Il ne leur faut nul effort pour se couler à l’intérieur du monde. La lionne leur fait un signe d’adieu. L’air est doux et parfumé. Les arbres sont en fleurs, fleurs de feu, petites coupes de flammes portées au bout des branches ; elles se détachent et tombent en tournoyant, flottent vers le couple à la dérive, le frôlent, sombrent doucement dans les corps. Shadrak suit le passage d’une fleur écarlate qui perce le sternum de Katya pour ressortir entre ses épaules, choir légèrement jusqu’au sol et y germer aussitôt.

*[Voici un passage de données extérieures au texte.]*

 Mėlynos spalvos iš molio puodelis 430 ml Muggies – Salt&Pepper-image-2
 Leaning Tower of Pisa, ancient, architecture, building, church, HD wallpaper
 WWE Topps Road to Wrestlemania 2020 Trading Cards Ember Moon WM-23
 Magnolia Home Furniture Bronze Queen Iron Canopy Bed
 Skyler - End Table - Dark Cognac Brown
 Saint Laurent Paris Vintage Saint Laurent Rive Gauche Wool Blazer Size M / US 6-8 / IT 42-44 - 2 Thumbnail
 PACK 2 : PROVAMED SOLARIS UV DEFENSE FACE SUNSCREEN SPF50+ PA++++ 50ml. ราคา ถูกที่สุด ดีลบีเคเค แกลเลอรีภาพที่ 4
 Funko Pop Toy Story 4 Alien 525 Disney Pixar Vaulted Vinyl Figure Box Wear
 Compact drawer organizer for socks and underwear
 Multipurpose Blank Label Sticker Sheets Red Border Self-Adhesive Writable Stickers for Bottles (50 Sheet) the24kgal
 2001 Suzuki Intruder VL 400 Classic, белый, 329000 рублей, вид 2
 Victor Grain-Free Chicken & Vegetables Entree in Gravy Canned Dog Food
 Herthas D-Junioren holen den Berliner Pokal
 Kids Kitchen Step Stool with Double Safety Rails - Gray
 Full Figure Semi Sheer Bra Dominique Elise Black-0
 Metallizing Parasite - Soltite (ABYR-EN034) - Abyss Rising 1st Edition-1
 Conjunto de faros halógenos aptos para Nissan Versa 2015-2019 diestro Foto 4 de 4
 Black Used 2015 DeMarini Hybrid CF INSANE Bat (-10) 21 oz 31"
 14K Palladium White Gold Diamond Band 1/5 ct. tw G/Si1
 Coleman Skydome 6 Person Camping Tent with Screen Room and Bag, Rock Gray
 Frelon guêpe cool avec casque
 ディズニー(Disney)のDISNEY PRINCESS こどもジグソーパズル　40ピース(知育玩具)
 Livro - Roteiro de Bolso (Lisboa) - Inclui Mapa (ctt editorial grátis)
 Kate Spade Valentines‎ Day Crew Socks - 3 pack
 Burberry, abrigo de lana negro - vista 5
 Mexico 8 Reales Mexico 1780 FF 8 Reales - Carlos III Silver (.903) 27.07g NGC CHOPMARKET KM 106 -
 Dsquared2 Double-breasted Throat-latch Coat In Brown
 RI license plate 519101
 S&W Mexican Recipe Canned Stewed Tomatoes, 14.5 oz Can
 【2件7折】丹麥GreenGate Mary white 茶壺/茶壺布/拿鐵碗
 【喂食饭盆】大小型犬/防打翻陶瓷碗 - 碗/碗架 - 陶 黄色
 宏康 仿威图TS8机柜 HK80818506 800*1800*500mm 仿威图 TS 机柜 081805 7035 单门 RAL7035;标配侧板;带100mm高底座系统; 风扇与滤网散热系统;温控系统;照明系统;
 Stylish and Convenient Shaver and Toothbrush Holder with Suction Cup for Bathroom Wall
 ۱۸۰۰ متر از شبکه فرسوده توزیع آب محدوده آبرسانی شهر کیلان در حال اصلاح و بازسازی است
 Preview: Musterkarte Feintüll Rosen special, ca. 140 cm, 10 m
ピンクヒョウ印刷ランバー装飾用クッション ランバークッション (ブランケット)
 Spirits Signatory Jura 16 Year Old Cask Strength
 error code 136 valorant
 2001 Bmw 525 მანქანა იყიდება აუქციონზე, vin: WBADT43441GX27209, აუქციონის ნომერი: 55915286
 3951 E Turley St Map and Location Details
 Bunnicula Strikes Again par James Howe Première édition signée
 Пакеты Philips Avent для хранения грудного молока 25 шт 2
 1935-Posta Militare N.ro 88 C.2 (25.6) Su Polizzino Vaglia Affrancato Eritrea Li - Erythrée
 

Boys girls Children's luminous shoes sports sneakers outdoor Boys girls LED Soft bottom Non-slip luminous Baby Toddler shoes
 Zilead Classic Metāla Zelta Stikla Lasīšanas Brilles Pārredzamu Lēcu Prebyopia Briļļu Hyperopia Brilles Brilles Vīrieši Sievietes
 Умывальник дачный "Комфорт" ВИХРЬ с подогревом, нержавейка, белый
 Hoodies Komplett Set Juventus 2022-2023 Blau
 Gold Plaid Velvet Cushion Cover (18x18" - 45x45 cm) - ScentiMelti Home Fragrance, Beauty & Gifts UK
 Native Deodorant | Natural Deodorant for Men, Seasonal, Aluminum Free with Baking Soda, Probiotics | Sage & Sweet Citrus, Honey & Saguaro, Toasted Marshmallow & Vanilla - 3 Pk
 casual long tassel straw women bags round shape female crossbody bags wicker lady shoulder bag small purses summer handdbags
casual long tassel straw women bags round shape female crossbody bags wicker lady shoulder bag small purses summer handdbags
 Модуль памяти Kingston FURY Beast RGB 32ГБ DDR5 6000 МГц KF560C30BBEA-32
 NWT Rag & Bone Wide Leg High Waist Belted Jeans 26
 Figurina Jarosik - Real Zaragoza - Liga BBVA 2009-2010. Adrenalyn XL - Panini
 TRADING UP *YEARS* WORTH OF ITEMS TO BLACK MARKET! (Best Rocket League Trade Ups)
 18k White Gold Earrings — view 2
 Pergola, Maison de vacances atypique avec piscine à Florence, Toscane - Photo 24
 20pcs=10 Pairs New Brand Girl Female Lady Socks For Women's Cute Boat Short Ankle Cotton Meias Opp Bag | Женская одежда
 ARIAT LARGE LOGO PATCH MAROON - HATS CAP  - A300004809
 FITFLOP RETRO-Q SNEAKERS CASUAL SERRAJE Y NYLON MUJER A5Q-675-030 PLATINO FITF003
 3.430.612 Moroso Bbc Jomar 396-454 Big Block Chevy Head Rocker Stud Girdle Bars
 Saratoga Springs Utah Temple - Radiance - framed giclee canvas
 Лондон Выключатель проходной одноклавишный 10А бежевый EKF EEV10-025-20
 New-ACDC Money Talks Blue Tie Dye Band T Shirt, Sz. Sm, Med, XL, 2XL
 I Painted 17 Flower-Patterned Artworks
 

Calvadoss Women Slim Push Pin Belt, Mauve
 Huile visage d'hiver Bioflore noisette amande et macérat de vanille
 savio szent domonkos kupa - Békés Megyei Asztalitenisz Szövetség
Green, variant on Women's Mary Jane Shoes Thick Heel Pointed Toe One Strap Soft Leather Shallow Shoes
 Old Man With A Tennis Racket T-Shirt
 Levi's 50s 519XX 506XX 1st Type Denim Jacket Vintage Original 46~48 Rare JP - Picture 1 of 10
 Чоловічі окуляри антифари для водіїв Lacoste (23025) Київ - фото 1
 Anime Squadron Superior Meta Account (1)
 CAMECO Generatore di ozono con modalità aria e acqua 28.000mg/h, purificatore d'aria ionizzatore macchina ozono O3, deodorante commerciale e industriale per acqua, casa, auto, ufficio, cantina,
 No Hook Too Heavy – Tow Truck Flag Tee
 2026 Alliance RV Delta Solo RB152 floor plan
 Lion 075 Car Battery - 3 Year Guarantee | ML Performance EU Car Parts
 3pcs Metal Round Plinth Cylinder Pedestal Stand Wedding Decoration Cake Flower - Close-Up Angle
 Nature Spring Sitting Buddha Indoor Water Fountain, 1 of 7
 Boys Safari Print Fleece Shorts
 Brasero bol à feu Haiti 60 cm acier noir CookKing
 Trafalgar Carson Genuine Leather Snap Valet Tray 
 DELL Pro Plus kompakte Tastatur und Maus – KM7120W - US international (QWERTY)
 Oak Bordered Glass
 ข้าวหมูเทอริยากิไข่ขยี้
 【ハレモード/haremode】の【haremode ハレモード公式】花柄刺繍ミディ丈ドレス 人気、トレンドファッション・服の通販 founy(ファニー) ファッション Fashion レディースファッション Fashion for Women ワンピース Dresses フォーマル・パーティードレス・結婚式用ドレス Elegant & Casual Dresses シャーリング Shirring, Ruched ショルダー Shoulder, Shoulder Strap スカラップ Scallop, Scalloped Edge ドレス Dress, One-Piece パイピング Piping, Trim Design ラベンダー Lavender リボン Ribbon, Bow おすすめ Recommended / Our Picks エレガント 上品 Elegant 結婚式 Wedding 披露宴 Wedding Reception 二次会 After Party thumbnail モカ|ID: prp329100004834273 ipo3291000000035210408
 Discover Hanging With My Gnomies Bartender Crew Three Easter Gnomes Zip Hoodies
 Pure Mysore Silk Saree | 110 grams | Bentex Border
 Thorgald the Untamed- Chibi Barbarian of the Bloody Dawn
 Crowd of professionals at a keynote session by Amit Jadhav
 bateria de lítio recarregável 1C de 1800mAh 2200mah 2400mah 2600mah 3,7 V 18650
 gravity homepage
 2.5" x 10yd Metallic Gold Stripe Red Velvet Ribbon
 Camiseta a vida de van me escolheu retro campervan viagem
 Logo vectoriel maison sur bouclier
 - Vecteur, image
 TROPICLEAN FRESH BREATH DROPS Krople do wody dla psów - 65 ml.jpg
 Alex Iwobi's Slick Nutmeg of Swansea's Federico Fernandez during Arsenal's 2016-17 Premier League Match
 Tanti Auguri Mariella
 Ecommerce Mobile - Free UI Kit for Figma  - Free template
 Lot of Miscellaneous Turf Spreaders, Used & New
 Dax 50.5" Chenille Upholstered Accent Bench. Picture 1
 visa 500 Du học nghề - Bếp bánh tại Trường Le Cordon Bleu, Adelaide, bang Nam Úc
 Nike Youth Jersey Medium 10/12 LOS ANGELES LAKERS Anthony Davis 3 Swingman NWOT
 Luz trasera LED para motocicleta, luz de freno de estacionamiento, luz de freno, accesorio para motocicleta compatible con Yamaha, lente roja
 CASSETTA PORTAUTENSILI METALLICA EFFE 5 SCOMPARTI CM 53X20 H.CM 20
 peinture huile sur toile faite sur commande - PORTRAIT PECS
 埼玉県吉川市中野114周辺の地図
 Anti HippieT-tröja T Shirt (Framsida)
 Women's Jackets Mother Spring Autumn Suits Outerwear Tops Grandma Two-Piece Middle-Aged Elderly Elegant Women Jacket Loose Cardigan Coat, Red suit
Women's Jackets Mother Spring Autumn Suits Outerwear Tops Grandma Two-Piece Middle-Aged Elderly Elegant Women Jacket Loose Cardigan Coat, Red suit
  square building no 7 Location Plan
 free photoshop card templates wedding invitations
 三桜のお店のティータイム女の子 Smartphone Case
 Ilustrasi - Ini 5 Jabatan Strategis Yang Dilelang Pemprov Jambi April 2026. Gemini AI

Un arbrisseau maigrichon jaillit et se couvre de fleurs flamboyantes. Katya et Shadrak rient comme des enfants. Ensemble, ils parcourent le continent. Le sable de Gobi étincelle. La Grande Muraille s’étire devant eux, tel un serpent de pierre qui se love et se tord.
— Tiens, Nigger Jim et Little Nell ! s’exclame Ts’in Che Houang-ti, dressé sur la muraille.
Il exécute une danse guillerette tout en ôtant son bonnet de soie noir et en secouant ses nattes longues et compliquées.
— Chop-chop, fait Shadrak. Kung po chi ding !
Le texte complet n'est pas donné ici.